Whilst Fed Chair Powell said on Wednesday that these repo operations are temporary and that rates are expected to stabilize in the target range, we do think that the repo squeeze may be symptomatic of a wider liquidity problem. Due to post-crisis regulation banks are no longer taking the risks necessary to keep the plumbing of the financial system open in times of stress. If the US economy slides into a recession liquidity problems could pop up everywhere. Therefore, as Philip argued on Wednesday, a more lasting effect would be achieved by raising the level of reserves in the system and launching a standing repo facility with regular auctions. But the Fed is apparently not ready to take these decisions yet, so we are likely to see more of these ad hoc overnight repo operations by the New York Fed in the near term.
The UK Supreme Court concluded a three-day hearing in a case that will determine whether Prime Minister Johnson’s decision to prorogue parliament for five weeks was lawful or not. Their decision is expected early next week. As of now, it remains uncertain as to what a verdict that the suspension was indeed under false pretences would mean, and whether it would amount to saying that prorogation actually never happened. Lord Pannick QC, the lawyer who represents the lead claimant, has told the court that Speaker Bercow should then be entitled to reconvene parliament as early as next week. Moreover, it’s also uncertain what would happen to Prime Minister Johnson, who effectively stands accused of lying to the Queen about his motives to suspend parliament. While this would be explosive stuff in normal times, and possibly a cause for his resignation, Mr. Johnson is already publicly contemplating whether he might try a further suspension. No time to Pannick, yet?

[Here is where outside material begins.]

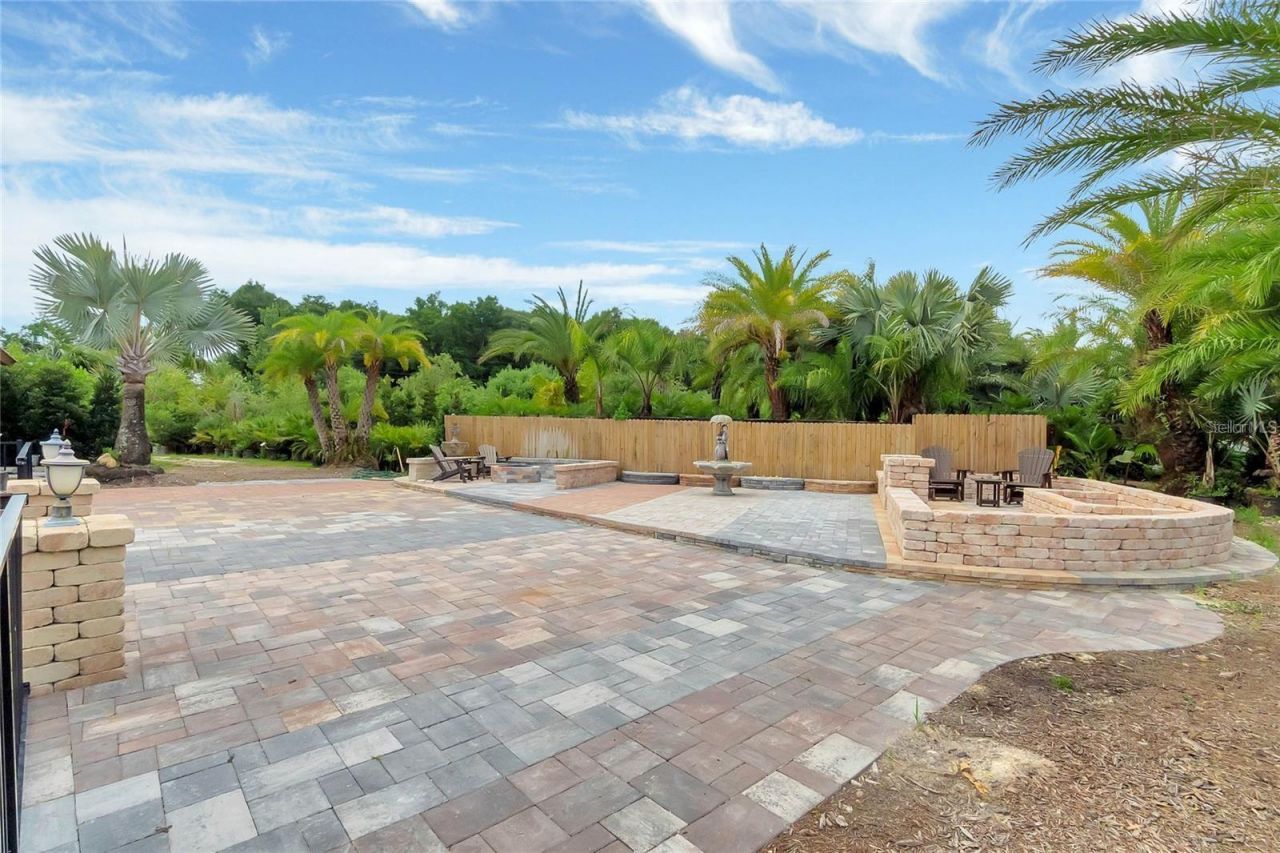 8440 County Road 48, Yalaha, FL 34797 Photo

The Bank of England managed to stay out of the fray –for a change– when it decided to keep rates unchanged yesterday. The statement read as fairly dovish. Whilst the official guidance of a slow rise in rates remains sacrosanct, the MPC now explicitly conditioned this on the assumption that the economy is on a clear path to a smooth Brexit and that global growth recovers a bit. The casual reader of the Global Daily knows that we believe these assumptions to be a bit far-fetched. Perhaps the MPC agrees as well, as they also warned that the “entrenched uncertainty” regarding Brexit could lead to a period of below-potential growth in demand and, in turn, softer inflation. This was new language, and provided yet another clue that the Bank of England isn't going to raise interest rates anytime soon, despite the official guidance.

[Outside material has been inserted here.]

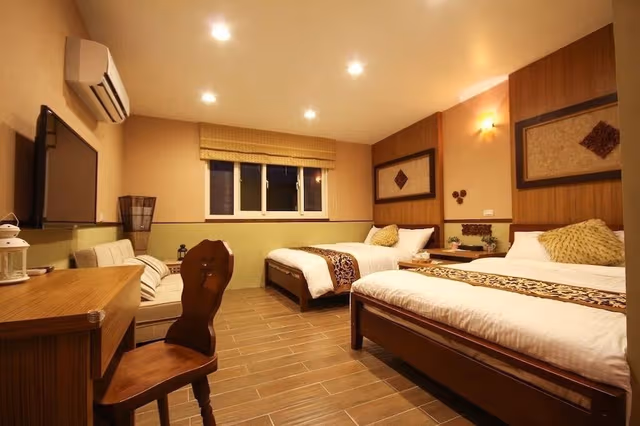 Classic Quadruple Room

The TLTRO-III programme didn’t get off to a flying start. Banks in the Eurozone only asked for EUR 3.4bn of the first of the ECB’s new loans. If we add this to the EUR 57.7bn of TLTRO-II repayments of June and September, the use of the facility has actually decreased by EUR 54.3bn over the course of the summer. Interestingly, the lack of TLTRO-funding being rolled over is despite the fact that the lower residual maturity of the first two TLTRO-II loans had sparked concerns about the potential negative impact on the net stable funding ratio at peripheral banks. It thus seems that this impact is (for now) less than expected.

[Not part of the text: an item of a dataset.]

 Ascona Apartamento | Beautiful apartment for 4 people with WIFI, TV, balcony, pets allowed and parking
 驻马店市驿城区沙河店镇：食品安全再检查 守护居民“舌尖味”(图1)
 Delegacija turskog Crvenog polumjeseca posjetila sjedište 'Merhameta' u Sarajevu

Furthermore, the TLTRO-IIIs are arguably cheaper than their predecessors, assuming banks display similar outperformance of their lending benchmarks. The lack of interest could thus reflect uncertainty amongst banks whether they would qualify for a borrowing rate as low as -0.50%, possibly due to persistent uncertainties (global trade, Brexit, etc.) and hence lower credit demand. The most recent Bank Lending Survey doesn’t support this hypothesis, however. Another possibility is that the time window between the September ECB meeting –in which the modalities were eased– and the deadline for TLTRO-III.1 was simply too short for banks to determine whether and for what amount they wanted to participate. Additionally, some may prefer to wait until the full impact of the ECB’s tiered deposit rate come into effect. The December TLTRO-III should provide more clarity on this front.